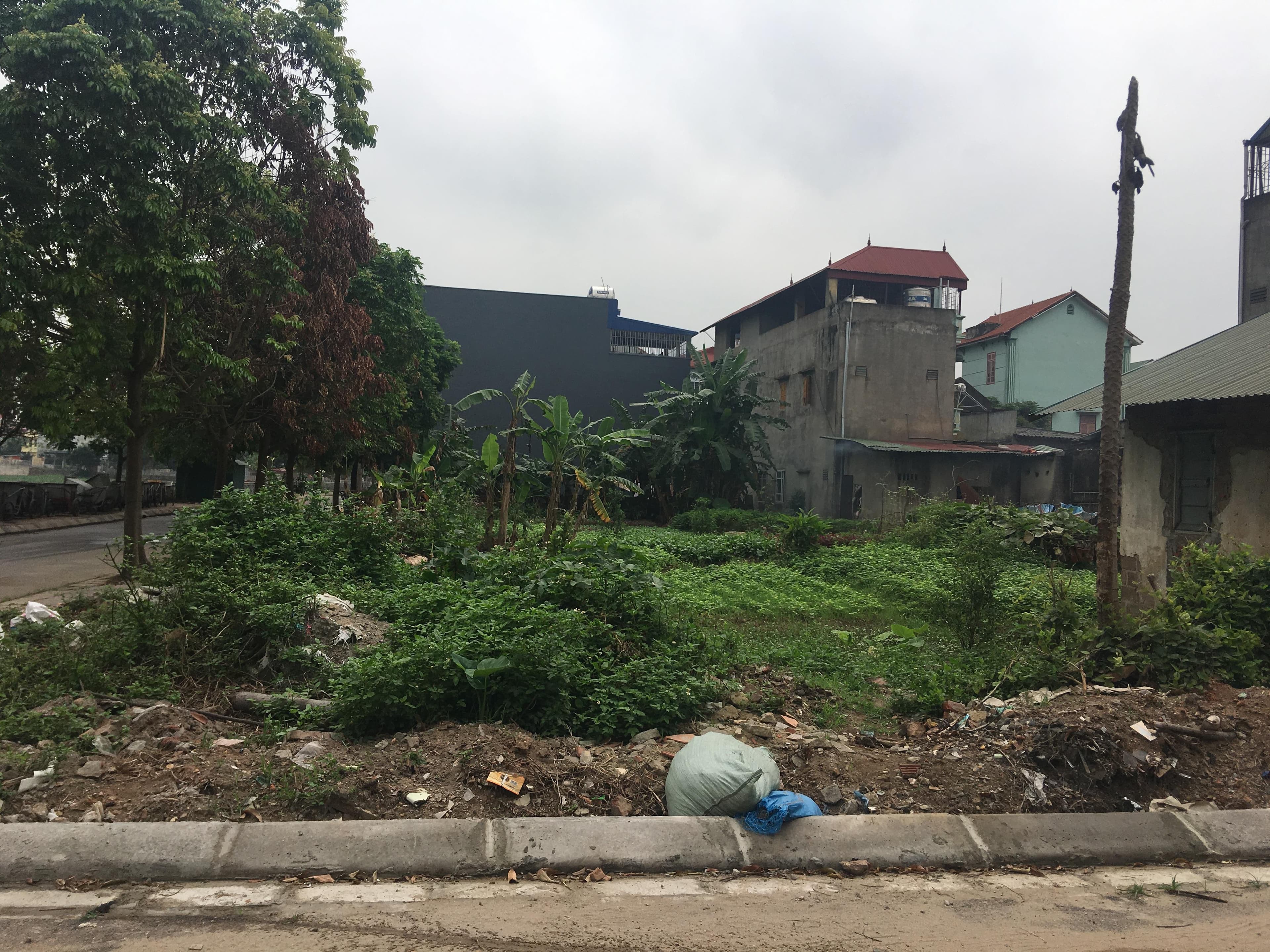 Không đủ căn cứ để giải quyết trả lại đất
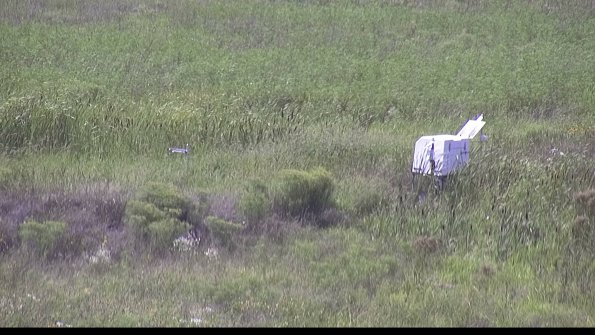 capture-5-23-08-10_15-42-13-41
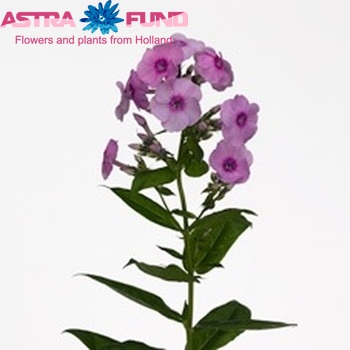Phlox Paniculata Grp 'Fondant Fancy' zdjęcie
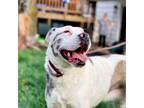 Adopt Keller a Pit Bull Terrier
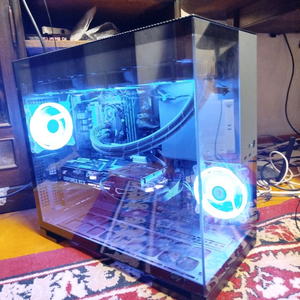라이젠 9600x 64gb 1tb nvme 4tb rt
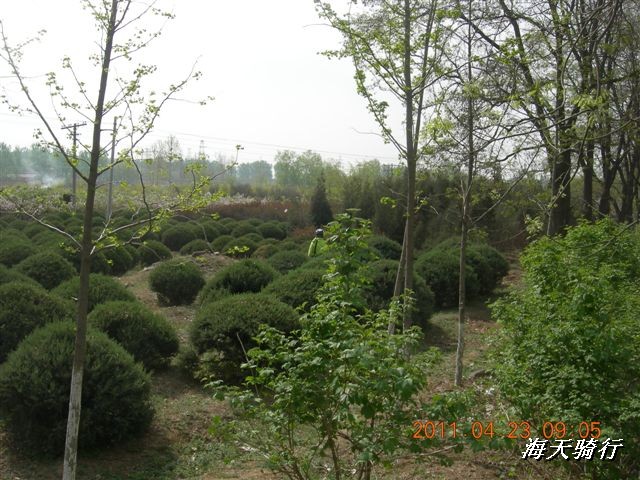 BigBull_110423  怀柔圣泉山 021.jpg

◆ ◆ ◆

▶ **Exercise aim**
Everything in the records above must be restated verbatim, save for the pictures.

▶ **Finished exercise**
 Không đủ căn cứ để giải quyết trả lại đất
 capture-5-23-08-10_15-42-13-41
Phlox Paniculata Grp 'Fondant Fancy' zdjęcie
 Adopt Keller a Pit Bull Terrier
라이젠 9600x 64gb 1tb nvme 4tb rt
 BigBull_110423  怀柔圣泉山 021.jpg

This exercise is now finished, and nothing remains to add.